For every line in the records below that holds "Image", make a copy.

**Exercise inputs**
——

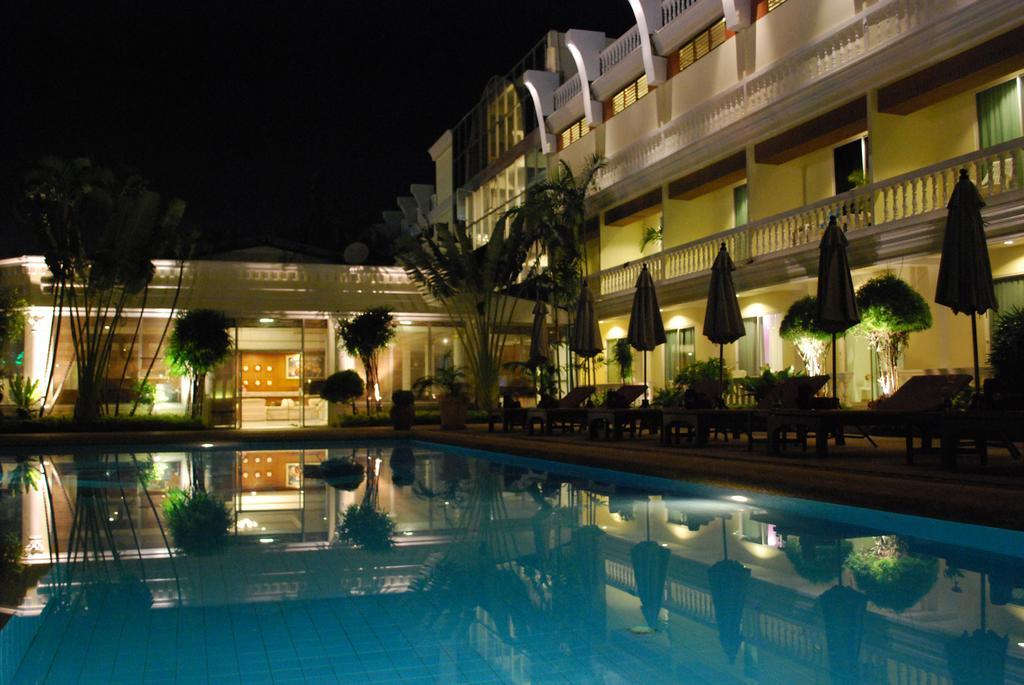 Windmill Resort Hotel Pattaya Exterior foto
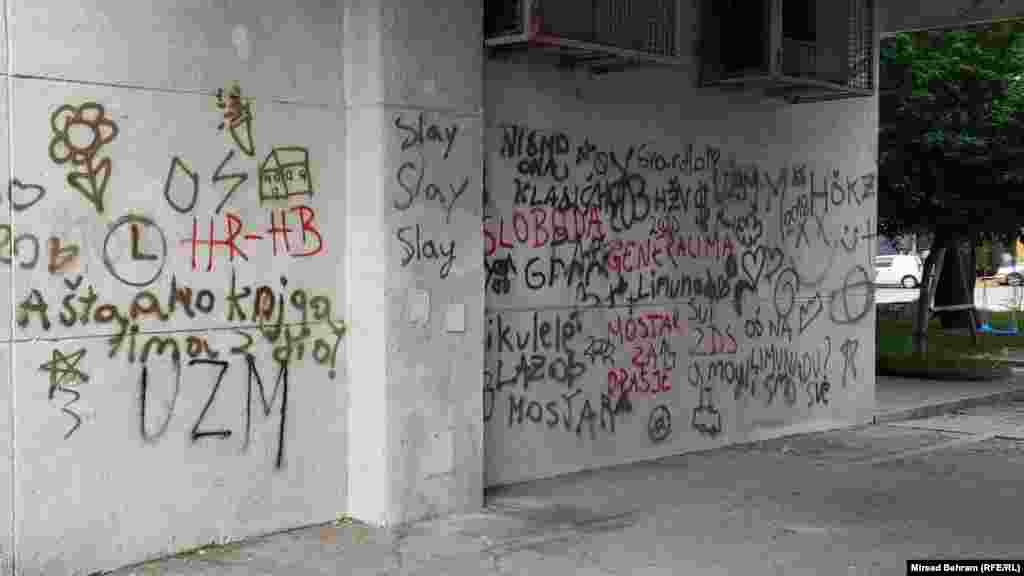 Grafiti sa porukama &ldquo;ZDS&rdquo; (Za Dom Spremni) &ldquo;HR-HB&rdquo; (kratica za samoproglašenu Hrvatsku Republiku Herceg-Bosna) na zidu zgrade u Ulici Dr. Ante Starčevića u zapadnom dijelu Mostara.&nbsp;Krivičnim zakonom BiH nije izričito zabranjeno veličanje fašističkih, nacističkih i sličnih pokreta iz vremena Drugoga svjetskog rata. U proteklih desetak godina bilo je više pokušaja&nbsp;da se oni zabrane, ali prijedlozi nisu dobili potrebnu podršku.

——

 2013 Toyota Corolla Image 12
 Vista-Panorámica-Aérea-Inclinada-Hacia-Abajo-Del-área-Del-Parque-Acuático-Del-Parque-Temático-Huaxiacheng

——

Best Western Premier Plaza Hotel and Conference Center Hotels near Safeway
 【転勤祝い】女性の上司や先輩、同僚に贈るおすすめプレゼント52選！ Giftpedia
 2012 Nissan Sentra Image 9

——

**Expected output**
 2013 Toyota Corolla Image 12
 2012 Nissan Sentra Image 9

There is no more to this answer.